- **Exercise**: Look below for the line that has "Bedroom - 5437". Set down the lines from there through the line that has "Casa en venta", exactly as written.

- **Data for analysis**:

· · · · · · ·

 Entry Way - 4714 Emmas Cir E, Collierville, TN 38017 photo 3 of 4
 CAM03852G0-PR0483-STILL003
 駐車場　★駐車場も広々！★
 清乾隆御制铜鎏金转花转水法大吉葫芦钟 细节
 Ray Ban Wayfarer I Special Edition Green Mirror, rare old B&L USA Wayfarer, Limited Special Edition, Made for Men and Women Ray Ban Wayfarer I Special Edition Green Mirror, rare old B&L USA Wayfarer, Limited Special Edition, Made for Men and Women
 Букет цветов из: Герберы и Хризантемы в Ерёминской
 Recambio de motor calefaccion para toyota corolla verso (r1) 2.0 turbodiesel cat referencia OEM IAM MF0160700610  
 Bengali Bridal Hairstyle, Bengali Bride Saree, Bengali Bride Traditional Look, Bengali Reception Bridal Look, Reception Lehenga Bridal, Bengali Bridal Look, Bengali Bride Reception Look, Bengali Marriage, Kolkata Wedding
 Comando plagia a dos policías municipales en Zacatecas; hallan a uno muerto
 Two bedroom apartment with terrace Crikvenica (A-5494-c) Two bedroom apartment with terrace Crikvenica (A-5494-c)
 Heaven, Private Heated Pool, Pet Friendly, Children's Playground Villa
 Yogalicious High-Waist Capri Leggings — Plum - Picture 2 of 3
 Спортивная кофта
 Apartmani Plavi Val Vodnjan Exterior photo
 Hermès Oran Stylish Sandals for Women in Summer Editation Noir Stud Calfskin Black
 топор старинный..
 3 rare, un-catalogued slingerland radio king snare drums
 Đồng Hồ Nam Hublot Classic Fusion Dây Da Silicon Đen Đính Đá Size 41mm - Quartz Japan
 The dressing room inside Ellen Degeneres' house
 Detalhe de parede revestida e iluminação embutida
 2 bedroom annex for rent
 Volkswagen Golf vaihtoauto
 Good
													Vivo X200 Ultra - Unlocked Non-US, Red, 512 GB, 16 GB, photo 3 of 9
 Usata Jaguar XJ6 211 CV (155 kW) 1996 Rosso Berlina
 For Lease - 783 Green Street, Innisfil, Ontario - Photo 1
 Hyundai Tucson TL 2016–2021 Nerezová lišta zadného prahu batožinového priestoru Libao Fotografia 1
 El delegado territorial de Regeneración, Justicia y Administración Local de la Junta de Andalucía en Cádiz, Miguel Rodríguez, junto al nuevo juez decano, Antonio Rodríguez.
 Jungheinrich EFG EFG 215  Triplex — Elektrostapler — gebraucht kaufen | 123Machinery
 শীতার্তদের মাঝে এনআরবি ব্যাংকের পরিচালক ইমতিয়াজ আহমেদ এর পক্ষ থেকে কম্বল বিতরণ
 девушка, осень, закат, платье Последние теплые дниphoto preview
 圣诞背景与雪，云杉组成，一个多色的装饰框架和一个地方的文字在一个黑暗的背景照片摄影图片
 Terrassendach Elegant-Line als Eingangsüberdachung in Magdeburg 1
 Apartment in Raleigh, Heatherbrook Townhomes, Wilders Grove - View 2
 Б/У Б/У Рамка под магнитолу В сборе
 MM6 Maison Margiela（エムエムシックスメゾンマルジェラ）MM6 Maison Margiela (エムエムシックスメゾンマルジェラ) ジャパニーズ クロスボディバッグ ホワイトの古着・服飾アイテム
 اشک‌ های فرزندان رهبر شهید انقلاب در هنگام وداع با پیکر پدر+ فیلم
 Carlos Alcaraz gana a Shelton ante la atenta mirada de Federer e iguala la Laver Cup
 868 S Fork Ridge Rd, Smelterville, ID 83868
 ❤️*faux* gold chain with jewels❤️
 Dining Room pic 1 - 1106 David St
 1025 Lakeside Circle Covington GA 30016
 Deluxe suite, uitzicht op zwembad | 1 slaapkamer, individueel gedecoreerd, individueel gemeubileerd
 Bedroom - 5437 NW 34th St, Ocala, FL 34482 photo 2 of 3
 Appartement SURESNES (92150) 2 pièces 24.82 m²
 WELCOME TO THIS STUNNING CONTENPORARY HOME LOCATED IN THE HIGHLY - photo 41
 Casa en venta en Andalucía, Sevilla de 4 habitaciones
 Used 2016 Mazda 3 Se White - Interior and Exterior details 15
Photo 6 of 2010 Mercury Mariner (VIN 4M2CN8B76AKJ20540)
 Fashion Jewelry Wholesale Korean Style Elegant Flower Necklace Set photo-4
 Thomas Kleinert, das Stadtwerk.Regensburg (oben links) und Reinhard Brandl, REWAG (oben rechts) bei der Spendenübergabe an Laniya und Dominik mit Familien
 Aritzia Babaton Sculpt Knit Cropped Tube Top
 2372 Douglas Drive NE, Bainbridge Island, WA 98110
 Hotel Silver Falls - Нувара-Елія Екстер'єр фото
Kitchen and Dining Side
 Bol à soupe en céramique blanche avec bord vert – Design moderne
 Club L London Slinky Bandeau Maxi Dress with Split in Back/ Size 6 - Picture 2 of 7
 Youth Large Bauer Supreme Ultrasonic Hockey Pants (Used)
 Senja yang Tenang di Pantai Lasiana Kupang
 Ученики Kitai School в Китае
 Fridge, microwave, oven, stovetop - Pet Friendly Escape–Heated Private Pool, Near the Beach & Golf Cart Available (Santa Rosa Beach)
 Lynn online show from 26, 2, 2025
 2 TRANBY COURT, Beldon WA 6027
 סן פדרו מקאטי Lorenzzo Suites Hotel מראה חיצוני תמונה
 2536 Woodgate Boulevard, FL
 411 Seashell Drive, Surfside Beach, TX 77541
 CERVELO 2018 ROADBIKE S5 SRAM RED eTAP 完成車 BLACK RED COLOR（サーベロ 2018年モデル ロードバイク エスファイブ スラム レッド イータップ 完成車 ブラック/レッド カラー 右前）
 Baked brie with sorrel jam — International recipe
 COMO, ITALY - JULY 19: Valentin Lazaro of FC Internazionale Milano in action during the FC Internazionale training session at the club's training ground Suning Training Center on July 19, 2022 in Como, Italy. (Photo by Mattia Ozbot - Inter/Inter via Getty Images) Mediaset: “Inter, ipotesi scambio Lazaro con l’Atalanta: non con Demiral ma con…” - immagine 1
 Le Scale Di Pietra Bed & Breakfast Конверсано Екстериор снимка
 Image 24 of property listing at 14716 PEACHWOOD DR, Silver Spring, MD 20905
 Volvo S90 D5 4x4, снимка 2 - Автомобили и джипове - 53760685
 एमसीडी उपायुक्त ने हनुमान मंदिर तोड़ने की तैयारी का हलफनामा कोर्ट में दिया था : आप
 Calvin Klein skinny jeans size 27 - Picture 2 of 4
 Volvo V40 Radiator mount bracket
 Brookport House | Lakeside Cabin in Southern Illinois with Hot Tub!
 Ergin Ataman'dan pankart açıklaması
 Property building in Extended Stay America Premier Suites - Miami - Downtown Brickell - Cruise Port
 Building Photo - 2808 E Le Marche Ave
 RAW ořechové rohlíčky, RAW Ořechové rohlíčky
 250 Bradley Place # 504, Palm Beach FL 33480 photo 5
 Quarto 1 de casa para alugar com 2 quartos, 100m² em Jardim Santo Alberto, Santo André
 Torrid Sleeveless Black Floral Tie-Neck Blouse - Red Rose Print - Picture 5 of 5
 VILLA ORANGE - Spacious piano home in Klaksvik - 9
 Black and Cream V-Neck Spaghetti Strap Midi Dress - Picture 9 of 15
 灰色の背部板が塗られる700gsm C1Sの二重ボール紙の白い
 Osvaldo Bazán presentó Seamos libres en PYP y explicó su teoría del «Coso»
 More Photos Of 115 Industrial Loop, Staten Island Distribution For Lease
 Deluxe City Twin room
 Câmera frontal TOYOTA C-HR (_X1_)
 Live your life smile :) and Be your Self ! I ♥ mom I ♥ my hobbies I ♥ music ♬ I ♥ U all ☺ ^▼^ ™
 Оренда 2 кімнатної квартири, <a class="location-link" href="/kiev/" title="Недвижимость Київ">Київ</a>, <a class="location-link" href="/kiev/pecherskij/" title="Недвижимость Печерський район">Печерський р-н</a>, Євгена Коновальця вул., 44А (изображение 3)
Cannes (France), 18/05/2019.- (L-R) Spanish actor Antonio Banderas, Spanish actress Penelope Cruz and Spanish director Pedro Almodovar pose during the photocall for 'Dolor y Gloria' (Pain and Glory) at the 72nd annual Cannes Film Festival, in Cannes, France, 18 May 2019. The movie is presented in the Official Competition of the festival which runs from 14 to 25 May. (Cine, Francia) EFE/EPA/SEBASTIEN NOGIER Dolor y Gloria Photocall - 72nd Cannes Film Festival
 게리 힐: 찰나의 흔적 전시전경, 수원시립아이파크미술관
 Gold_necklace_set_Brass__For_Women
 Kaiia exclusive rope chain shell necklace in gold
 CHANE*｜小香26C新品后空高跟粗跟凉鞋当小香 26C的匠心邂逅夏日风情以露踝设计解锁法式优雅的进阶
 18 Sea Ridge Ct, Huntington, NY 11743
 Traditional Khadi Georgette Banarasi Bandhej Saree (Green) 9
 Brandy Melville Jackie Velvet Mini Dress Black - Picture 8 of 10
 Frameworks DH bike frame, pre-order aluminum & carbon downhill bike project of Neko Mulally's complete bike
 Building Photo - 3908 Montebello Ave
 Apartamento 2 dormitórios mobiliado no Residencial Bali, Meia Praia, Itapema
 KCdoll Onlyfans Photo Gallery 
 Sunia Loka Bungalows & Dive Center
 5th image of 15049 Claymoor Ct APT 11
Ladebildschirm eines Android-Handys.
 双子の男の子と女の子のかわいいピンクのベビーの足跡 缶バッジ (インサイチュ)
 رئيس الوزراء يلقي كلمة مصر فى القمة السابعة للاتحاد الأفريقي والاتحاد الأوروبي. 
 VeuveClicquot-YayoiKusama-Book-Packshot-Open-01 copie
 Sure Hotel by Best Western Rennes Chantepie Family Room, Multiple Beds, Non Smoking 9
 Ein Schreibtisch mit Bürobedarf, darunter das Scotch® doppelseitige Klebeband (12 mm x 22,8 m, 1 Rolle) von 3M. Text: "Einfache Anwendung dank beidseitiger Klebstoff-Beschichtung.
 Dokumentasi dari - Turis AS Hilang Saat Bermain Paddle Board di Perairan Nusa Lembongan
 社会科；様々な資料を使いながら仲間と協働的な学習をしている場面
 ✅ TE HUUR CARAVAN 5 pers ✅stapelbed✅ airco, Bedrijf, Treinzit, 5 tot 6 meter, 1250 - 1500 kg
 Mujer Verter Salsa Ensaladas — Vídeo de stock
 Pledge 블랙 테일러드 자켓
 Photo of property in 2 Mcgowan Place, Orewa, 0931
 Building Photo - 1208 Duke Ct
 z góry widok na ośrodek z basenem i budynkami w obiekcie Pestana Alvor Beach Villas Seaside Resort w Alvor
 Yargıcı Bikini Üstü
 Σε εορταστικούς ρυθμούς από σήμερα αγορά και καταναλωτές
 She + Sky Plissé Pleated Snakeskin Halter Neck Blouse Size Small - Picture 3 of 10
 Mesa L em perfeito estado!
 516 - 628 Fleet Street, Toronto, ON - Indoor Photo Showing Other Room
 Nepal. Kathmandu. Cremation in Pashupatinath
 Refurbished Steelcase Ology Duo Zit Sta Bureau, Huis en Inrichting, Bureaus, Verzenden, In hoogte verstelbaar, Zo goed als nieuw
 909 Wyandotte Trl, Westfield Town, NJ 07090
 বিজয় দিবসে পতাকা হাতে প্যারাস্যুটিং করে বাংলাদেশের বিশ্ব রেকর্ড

· · · · · · ·

- **Answer for this exercise**:
 Bedroom - 5437 NW 34th St, Ocala, FL 34482 photo 2 of 3
 Appartement SURESNES (92150) 2 pièces 24.82 m²
 WELCOME TO THIS STUNNING CONTENPORARY HOME LOCATED IN THE HIGHLY - photo 41
 Casa en venta en Andalucía, Sevilla de 4 habitaciones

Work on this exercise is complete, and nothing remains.